Files
Abstract
This research examines the musical preferences, listening habits, and values of individuals who listen to a musical subgenre known as alternative country music (“alt-country”). Using a fine-tuned qualitative approach, I conducted 20 semi-structured, in-depth interviews with alt-country listeners located across the country to understand how fans conceptualize their musical affinities within the context of a highly polarizing and stigmatized music genre. I find that alternative country listeners engage in a unique set of musical practices that distinguish themselves from other actors in the musical field. Respondents participate in discourses of authenticity—personal, artistic, and regional—to legitimize alternative country music in terms of its artistic value, casting the subgenre as the most genuine successor to the country music tradition.
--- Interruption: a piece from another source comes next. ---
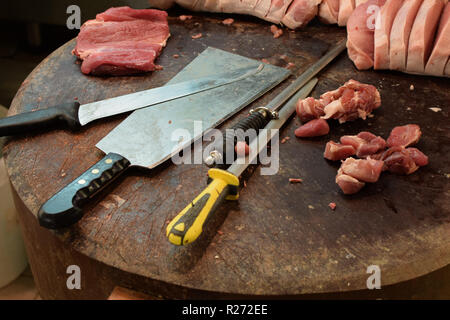 Butcher blocco tavolo in legno con carne cleaver coltello e la levigatura di acciaio. Tagliare bistecche sul tagliere. Foto Stock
In the process, listeners forge associations between musical genres and social categories that reinforce symbolic boundaries between classes of country music fans as well as others who are “really into music.” Crucially, I find structured variations in how listeners make political and regional assignments to the subgenre, reflecting a desire to frame musical affinities within the context of one’s own identity and experience. Situating these findings within scholarship on taste development and cultural legitimacy, I suggest that certain alt-country listeners may be considered both dominant over and marginalized by country music. The legitimating strategies adopted by these individuals simultaneously reflect processes of symbolic differentiation, exclusion, and resistance through music.